People with COVID-19 are at risk of relatively sudden deterioration in the first two weeks of the illness. Telescot are working with Scottish Government Technology Enabled Care (TEC) to develop a telemonitoring system for following up people with COVID-19 at risk of deterioration using pulse-oximetry.
The key principle is that telemonitoring has to be simple enough that it maximises the proportion of people at risk who can use it, and can be deployed with minimal training given the risks of prolonging face-to-face contact.
Suspected COVID patients attending an assessment centre, who are to be discharged home will be enrolled in the telemonitoring system, given a pack with equipment and information on its use. Either later that day or the following day they will receive a call from the monitoring service to explain the system and resolve any queries.
Patients are given a written self-management plan and advised that telemonitoring is just an aid and that any significant symptom or oximetry deterioration at any time should prompt an immediate contact for advice, rather than waiting for the next routine request for data.
At least once daily, records of active patients will be scanned to ensure data is being sent and that appropriate action has been taken by the patient. At the end of a fortnight, patients will be asked to return the equipment.

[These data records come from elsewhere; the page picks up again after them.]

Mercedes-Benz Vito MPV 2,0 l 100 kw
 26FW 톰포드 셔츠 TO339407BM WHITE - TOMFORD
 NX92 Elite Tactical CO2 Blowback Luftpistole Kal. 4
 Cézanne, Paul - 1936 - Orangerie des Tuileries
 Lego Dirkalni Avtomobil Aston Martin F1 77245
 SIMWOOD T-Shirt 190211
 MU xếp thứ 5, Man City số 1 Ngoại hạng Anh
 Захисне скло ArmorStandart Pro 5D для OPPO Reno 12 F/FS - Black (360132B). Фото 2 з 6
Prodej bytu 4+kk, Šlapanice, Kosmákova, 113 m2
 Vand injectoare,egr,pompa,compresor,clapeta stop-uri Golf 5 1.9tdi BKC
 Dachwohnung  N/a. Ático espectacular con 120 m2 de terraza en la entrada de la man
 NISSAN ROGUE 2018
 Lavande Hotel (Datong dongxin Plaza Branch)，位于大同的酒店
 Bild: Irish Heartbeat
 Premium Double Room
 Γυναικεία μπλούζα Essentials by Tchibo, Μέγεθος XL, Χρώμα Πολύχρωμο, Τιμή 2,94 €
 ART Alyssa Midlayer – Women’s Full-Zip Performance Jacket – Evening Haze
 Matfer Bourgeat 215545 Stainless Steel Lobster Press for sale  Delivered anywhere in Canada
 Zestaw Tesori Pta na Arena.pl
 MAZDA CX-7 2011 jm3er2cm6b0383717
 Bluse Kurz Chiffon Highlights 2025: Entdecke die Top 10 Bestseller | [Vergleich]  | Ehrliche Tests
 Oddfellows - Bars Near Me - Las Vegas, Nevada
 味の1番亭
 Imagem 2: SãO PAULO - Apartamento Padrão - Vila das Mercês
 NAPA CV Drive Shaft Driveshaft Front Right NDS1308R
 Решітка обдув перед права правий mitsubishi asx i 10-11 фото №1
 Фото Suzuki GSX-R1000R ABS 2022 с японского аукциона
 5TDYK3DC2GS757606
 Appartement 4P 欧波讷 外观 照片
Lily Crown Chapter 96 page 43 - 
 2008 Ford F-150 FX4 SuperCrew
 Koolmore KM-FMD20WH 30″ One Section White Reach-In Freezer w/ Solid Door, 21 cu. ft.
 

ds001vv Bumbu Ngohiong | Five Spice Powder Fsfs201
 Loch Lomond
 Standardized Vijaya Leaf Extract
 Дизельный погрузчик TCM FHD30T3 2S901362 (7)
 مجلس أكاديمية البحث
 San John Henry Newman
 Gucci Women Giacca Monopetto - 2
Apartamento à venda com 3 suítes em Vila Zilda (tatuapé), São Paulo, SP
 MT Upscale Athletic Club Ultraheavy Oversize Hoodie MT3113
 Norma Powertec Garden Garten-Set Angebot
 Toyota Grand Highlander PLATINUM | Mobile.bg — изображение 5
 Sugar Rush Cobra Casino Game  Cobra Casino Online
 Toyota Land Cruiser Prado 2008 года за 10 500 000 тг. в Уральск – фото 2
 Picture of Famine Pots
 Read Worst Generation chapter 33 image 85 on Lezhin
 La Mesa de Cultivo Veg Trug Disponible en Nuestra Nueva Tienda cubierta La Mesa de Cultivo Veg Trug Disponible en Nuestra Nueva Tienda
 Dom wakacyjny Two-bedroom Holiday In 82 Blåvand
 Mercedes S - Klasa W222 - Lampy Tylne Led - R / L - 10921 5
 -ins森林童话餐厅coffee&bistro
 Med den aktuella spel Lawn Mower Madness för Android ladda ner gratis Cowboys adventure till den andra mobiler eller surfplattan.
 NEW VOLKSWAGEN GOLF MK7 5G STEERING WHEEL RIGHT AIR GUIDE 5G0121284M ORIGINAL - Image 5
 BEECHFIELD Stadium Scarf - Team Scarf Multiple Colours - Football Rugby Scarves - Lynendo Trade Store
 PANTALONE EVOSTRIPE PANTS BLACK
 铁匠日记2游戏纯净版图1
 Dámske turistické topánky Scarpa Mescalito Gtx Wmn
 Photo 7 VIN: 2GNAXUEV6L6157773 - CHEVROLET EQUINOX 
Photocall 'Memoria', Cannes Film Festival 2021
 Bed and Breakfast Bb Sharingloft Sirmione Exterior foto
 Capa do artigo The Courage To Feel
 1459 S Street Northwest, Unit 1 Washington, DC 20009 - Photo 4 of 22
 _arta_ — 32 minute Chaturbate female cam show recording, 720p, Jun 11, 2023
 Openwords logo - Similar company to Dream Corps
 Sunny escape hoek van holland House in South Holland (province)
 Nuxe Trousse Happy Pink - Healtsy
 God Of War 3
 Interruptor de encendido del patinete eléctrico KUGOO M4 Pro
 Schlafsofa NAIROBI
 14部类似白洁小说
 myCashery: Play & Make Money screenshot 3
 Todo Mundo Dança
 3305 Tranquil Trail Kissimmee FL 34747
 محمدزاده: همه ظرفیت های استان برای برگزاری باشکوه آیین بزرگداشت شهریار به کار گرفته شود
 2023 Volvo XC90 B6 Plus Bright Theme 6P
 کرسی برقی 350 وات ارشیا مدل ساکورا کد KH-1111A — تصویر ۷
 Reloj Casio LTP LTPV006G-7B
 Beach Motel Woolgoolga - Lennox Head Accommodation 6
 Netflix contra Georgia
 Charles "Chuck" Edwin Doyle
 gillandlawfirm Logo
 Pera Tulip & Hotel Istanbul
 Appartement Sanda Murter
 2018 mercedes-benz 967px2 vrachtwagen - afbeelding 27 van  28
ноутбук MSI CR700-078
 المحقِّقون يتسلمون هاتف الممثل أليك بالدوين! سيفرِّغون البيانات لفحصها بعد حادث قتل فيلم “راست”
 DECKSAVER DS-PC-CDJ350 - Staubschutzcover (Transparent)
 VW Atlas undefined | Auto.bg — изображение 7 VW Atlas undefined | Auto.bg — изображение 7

Choosing which data to collect
A daily symptom diary will be collected, covering:
- change in breathlessness from the day before
- current severity of breathlessness
- any other potentially relevant symptoms
Patients will be asked to record:
- their temperature
- pulse oximetry readings twice daily, at both rest (after 20 minutes seated) and after walking on the flat for one minute
Device and data transmission
The Scottish system to be initially implemented will use commercially available pulse oximeters and thermometers. It is based on an SMS based text service (Florence) which will work with any mobile phone and which is configured for secure data delivery to NHS systems. However, there are plans to move to a system which also incorporates digital web-based communication.
Patients will be texted reminders to complete symptom diaries and temperature/pulse oximetry, and text data back to a central server which collates a report for the clinical team.
Patients whose symptoms or pulse oximetry suggest deterioration (for example, significantly increased breathlessness or SpO2 <94% in a previously well person) are automatically asked to contact the local COVID community hub for reassessment.
The patient data will be available for clinicians in graphical or tabular format. There are plans to explore the value of more integrated smartphone-based systems later.
Evaluation and optimisation
It is unclear which patterns of symptoms or SpO2 levels are the best markers of early deterioration, so initial alert levels are based on clinical judgement and extrapolation from other conditions.
Linkage of telemonitoring data to outcomes (reassessment, admission to hospital, need for respiratory support or ICU, death) will allow tailoring of alert thresholds to the condition.